I was working on a formula and got a headache

Essentially you need to check in set 3 that the data exists at all (since you have some that stop at set 2), probably best accomplished by checking the total len() vs the len() of set 1 + set 2 + a period

Then you need to do a find of the next period starting at the end of the first two strings together and check the length to see if its 5, otherwise that value goes to set 4 (in set 4's own formula)..

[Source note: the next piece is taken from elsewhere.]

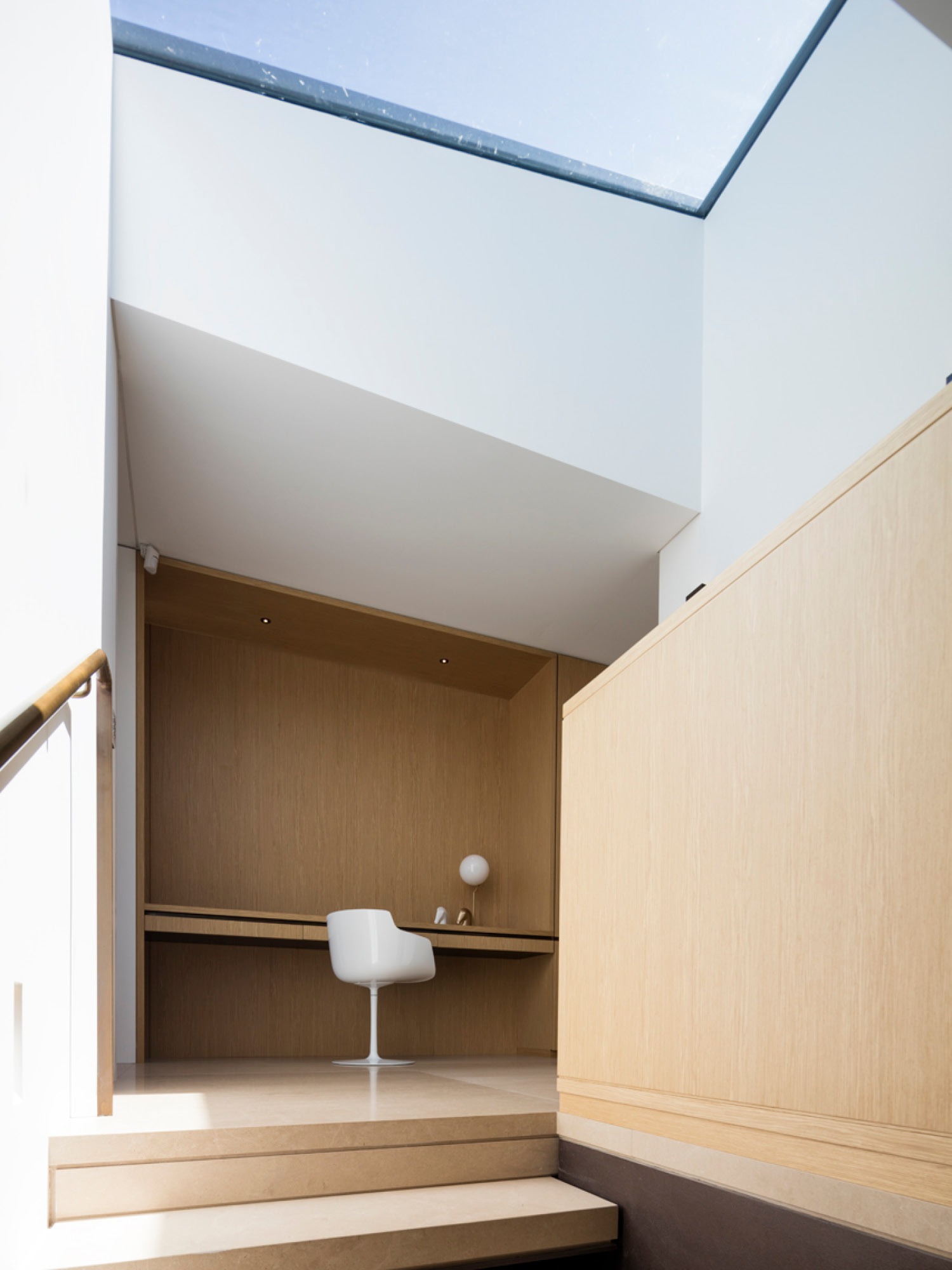 Photograph of internal study space with skylight above in Point Piper Residence designed by Tzannes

and that's about the point I got a headache

I hope its enough to get you back on track, however...

 

[lbanham]

Thanks. I eventually got it to work by using your suggsestion of calculating the differing lengths and by adding two helper columns to calculate if there was 2 or 3 "." and then the subsequent position number of these. It was just Set 3 formula that needed adjusted. It is below incase it helps anyone else FYI . helper columns are J4 (".") and K4 (Position number)

Helper Columns
Firstly calculate how many "." are in a cell - IF($E4="",$J3,LEN($E4)-LEN(SUBSTITUTE($E4,".","")))
Second is the position of the last "." - IF($E4="",$K3,FIND("^^",SUBSTITUTE(Pivot!$E4,".","^^",$J4)))

Main Formula
IF($E4="",$H3,IF($J4=1,"",IF(IF(AND((LEN($E4)-FIND("^^",SUBSTITUTE(Pivot!$E4,".","^^",$J4))=5),$J4=2),MID($E4,$K4+1,5),MID($E4,$K4-5,5))=$G4,"",IF(AND((LEN($E4)-FIND("^^",SUBSTITUTE(Pivot!$E4,".","^^",$J4))=5),$J4=2),MID($E4,$K4+1,5),MID($E4,$K4-5,5)))))

This now works for all length variations and combinations of data sets. Phew! No doubt there is a cleaner way to do this, but it works for me just now.

Thanks again